(Captioned web images)
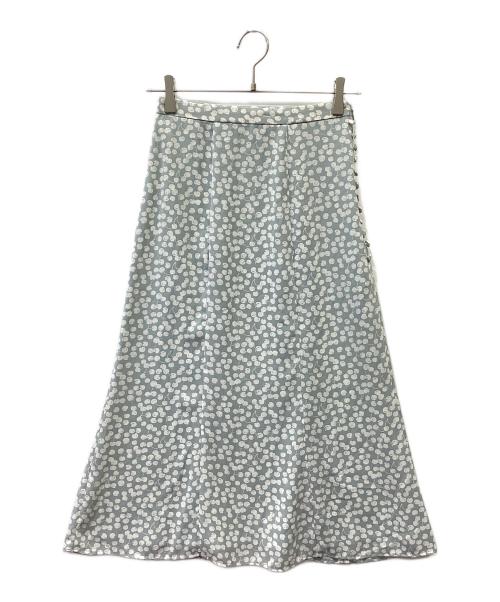 HER LIP TO（ハーリップトゥ）HER LIP TO (ハーリップトゥ) Cherry pattern Two piece グリーン サイズ:Sの古着・服飾アイテム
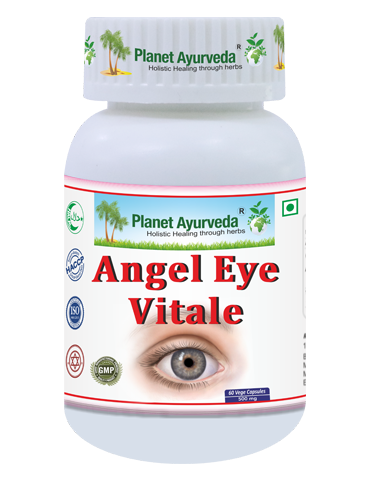 Angel Eye Vitale- silmade tervis, 500mg 60 kapslit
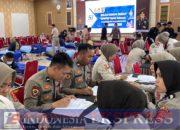 Donor Darah Semarakkan Peringatan HUT Korpri ke-53 di Polda Sultra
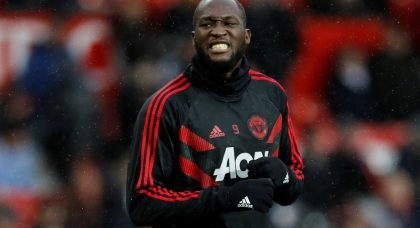 Juventus eye move for Manchester United striker Romelu Lukaku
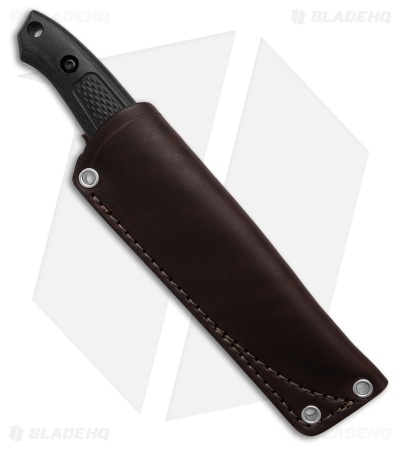 Dogwood Custom Knives Echo-3 Black Micarta Cross Check (4.25" SW)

__TASK TO CARRY OUT__. Restate each entry exactly, omitting pictures.

__ANSWER SPACE__.
 HER LIP TO（ハーリップトゥ）HER LIP TO (ハーリップトゥ) Cherry pattern Two piece グリーン サイズ:Sの古着・服飾アイテム
 Angel Eye Vitale- silmade tervis, 500mg 60 kapslit
 Donor Darah Semarakkan Peringatan HUT Korpri ke-53 di Polda Sultra
 Juventus eye move for Manchester United striker Romelu Lukaku
 Dogwood Custom Knives Echo-3 Black Micarta Cross Check (4.25" SW)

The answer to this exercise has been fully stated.